What is the best practice?

Is it to allow local admin rights on specific PC's or would you instead advocate using a separate VM that's been configured with a Windows OS and necessary dev applications, then allow their BAU PC to connect to a server hosting the Hyper-V VM?
 
Windows virtual desktop, or a local hyper v instance on W10 which will traverses the corporate net but has the relevant controls in place whilst still allowing them to do dev work.

What kind of Dev talk are we dealing with here as most is now all cloud based, including Visual Code, GIT, ADO, etc meaning applications on the desktop are few and far between.

Thanks for the reply.

So your saying you might run a Hyper-V instance on the local machine rather than it being hosted in your DC? I'm assuming it could also instead be hosted on a Windows server but am not familiar with Windows server management. The dev work is around data management, extract, transform and possibly load or output to file storage for manual loading. These applications are generally desktop applications, Java ones to be more precise with a couple of the main choices such as Talend or Pentaho (open source equivalents of SSIS although they also have Enterprise Editions too), where these have to be unzipped to the system drive and system environment variables have to be set for JRE & JDK paths. Also ability to query data through standard executables such as MySQL Workbench, DBeaver, MS SQL Server Management Studio depending on requirements for client's project but all run locally otherwise you'd fall foul of large amounts of ingress & egress to/from a cloud service.
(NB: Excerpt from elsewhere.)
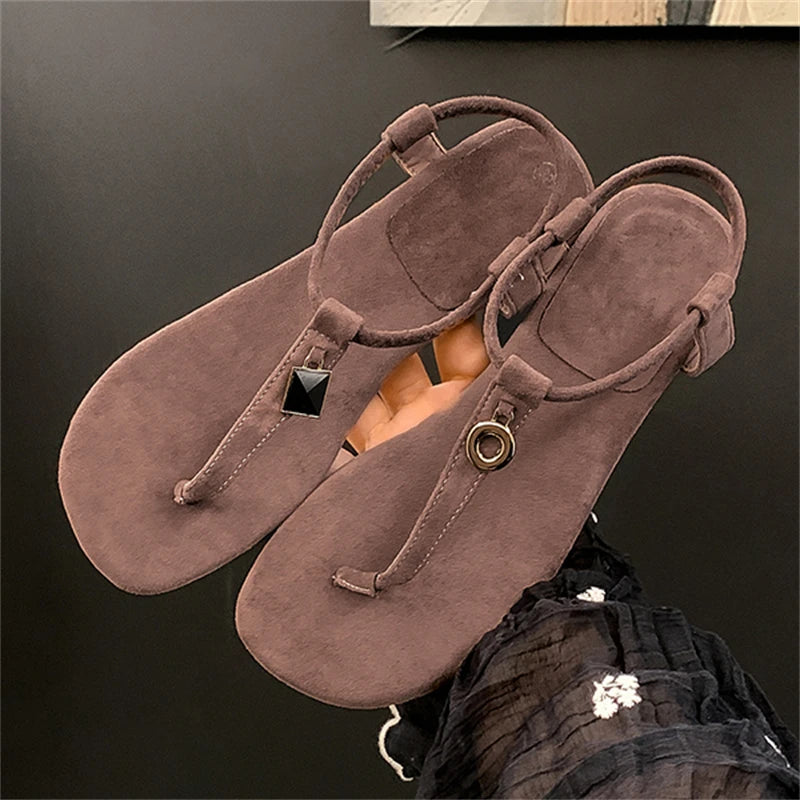 Aneikeh Summer Women'S Blue Suede T-Strap Flip Flops Metal Decor Flat Sandals Ankle Strap Casual Slingback Slippers Beach Shoes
Having the Hyper-V running in the DC would put the OS requirements potentially in the same place that the data is either stored (possibly existing SQL server of some sorts, either direct backend to legacy or a replication database server) or would be received if using text file extracts as is sometimes the case with some legacy system vendors.

Does that sound feasible?

Presumably a small change may be required on the developers BAU desktop or laptop so they could connect to the Hyper-V VM. Would you deploy a separate VM per developer or would you just deploy one and set up multiple user accounts on it since it would be a W10 OS?

@smogsy thanks too, the idea of having the VM was really to circumvent so much red tape in needing anyone to have local admin rights as usually that ends up with people installing all sorts and in all sorts of ways. If the Hyper-V solution being served from a clients DC was possible then even that wouldn't require admin rights once the image was configured.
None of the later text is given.